* **Activity**
A verbatim copy is needed of the lines below from the one containing "Como Criar uma" up to and including the one containing "LT1108 забавная эмалированная", excluding pictures.

[Collected data]
BEGIN
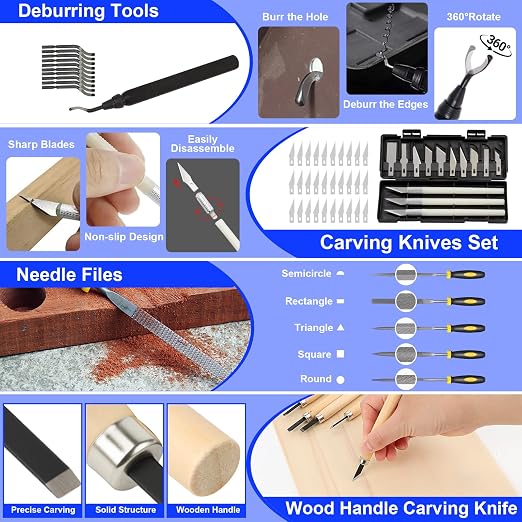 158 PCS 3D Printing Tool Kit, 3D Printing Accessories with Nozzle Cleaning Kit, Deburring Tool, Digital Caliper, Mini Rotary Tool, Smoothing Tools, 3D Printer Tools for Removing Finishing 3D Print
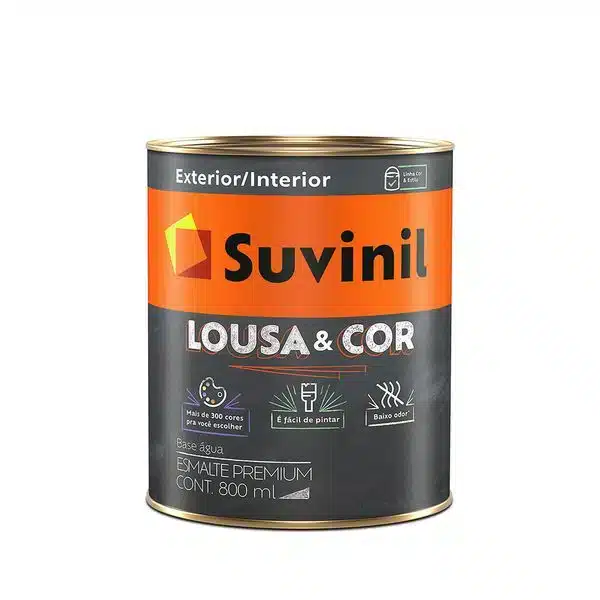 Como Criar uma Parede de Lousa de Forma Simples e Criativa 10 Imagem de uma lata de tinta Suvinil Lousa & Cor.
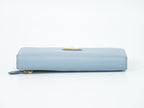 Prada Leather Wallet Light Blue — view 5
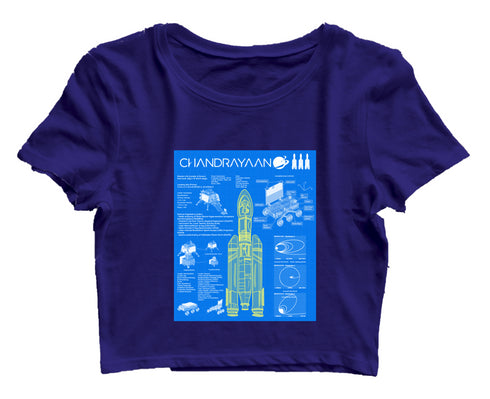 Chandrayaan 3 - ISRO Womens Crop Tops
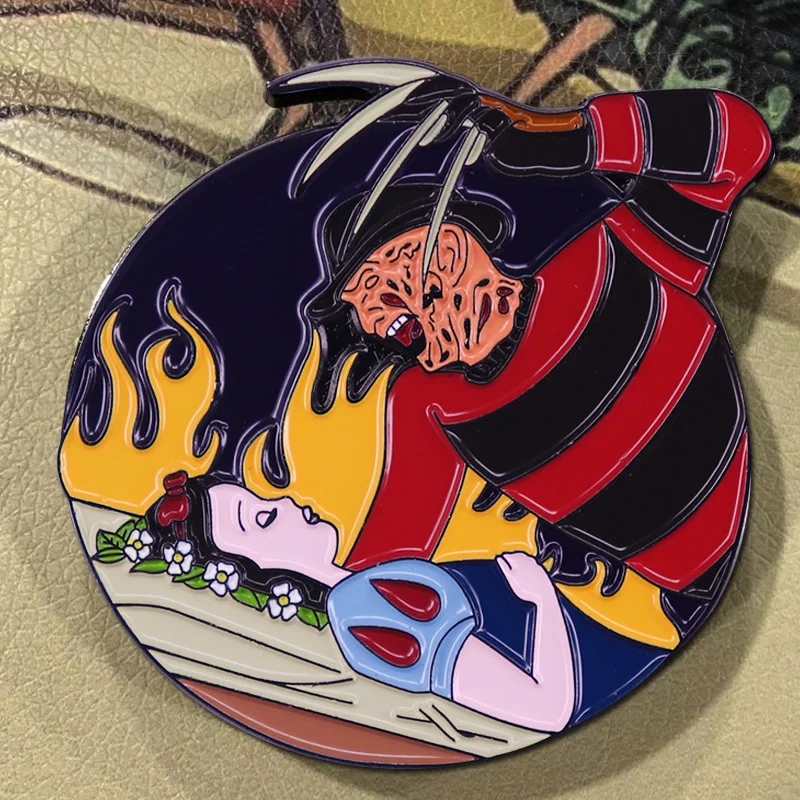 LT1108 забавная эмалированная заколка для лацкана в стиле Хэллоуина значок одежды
END
BEGIN
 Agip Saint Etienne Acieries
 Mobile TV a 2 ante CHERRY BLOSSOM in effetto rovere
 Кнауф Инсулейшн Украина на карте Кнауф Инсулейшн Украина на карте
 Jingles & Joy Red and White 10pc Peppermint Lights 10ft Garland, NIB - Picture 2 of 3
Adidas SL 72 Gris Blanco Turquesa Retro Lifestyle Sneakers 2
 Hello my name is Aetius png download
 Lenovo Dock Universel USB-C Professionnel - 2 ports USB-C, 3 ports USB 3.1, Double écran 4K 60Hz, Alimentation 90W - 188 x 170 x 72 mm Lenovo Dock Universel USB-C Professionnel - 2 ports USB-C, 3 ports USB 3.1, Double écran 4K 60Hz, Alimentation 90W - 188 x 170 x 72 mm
END
BEGIN
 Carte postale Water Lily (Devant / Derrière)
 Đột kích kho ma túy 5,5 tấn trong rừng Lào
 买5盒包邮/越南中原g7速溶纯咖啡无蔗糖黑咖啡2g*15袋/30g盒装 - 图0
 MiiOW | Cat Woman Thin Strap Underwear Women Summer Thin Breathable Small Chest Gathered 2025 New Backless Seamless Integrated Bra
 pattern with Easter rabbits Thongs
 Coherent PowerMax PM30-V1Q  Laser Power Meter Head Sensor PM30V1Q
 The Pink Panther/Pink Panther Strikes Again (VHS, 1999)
END
* **Answer space**
 Como Criar uma Parede de Lousa de Forma Simples e Criativa 10 Imagem de uma lata de tinta Suvinil Lousa & Cor.
 Prada Leather Wallet Light Blue — view 5
 Chandrayaan 3 - ISRO Womens Crop Tops
 LT1108 забавная эмалированная заколка для лацкана в стиле Хэллоуина значок одежды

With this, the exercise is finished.